Originally Posted by
gloopy
Interview sims are a joke. Throwing someone in a sim, particularly in an airplane/sim they have no time in, doesn't reveal secret pilot potential. All it does is prove who got the gouge or possibly who is having a good day getting lucky flying a new jet they have zero hours in. Mostly who got the gouge.
FWIW DL supposedly has had very good luck with the generic cog tests they use in lieu of a sim. I don't think there is any tangibile benefit to using them…unless you own the sim and can rent spare capacity to interview prep companies...
Respectfully disagree.
As any ex America West pilot will tell you, they had a difficult but valid sim. No, they didn't bother with complex approaches and IFR procedures like Alaska.
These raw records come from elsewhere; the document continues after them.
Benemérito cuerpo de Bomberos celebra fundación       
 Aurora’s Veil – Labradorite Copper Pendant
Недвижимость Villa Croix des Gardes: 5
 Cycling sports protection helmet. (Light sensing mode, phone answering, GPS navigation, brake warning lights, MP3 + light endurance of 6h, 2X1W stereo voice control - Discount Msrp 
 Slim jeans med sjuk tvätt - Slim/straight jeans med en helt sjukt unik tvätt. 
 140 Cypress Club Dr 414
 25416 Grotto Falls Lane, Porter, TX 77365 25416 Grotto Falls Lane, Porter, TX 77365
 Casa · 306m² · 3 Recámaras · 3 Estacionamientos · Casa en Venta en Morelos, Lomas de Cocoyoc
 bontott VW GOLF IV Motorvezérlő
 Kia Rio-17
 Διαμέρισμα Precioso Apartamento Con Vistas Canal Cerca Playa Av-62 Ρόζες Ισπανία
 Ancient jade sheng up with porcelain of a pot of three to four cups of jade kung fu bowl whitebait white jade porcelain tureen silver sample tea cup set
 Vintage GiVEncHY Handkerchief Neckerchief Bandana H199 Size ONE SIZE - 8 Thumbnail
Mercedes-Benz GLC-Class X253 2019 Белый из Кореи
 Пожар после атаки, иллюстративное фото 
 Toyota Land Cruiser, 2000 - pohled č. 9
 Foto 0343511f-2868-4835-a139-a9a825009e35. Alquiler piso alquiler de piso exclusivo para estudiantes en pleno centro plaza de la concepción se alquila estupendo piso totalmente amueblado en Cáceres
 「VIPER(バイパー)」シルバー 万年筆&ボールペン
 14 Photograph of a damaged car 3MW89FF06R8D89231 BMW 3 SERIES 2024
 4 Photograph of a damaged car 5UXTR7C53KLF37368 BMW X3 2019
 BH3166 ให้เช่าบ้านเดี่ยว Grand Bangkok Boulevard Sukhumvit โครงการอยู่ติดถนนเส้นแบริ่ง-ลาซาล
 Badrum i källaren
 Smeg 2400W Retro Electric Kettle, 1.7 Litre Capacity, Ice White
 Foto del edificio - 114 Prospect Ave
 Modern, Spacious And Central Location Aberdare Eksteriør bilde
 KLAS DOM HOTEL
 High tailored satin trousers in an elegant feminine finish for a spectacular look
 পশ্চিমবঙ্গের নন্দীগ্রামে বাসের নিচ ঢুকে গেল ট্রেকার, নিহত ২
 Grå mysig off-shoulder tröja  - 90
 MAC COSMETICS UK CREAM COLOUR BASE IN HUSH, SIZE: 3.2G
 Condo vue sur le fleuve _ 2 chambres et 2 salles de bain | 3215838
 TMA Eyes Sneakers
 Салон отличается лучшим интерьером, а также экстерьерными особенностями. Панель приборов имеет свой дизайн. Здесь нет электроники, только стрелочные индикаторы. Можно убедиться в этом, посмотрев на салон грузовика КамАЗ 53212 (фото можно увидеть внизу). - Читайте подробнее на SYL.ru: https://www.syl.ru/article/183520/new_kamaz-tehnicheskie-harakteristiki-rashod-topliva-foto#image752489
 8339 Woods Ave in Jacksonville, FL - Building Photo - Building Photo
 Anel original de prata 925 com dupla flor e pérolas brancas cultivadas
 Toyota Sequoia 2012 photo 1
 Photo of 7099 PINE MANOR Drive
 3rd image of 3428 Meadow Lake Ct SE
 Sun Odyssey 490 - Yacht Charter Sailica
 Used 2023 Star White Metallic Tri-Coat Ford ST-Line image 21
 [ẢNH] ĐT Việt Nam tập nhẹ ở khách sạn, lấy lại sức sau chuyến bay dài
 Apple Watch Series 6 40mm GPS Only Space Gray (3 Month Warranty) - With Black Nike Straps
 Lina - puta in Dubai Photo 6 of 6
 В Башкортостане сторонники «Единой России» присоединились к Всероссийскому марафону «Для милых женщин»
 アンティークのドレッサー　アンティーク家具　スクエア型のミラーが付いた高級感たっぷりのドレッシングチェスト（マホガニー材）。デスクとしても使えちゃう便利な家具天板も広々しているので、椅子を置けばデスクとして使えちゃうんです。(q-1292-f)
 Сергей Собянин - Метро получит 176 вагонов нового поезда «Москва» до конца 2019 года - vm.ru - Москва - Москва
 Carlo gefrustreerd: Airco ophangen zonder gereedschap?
Instead, you flew an old school 73-1 in a constant airspeed climb and descents while doing constant rate turns between two heading bugs. Then you would slow the airspeed while climbing while continuing to do this. 250 down to 210 and then 160.
One might ask, ***? A good portion of the candidates would stall in the slow airspeed climb with the turns. They were hoping they would. Because here is where they could see their instincts. Did they recover? Did they do it naturally?
Basically, how did they perform under stress and resolve it. As you said, "does it reveal secret pilot potential." Naw. Valuable insight into the skills and critical thinking. Yes
In conclusion. The people we hire today Gloopy are gonna be sitting next to you. We are screening pilots with less and less experience than the 90 and 2000 hires. Still think it is a bad idea?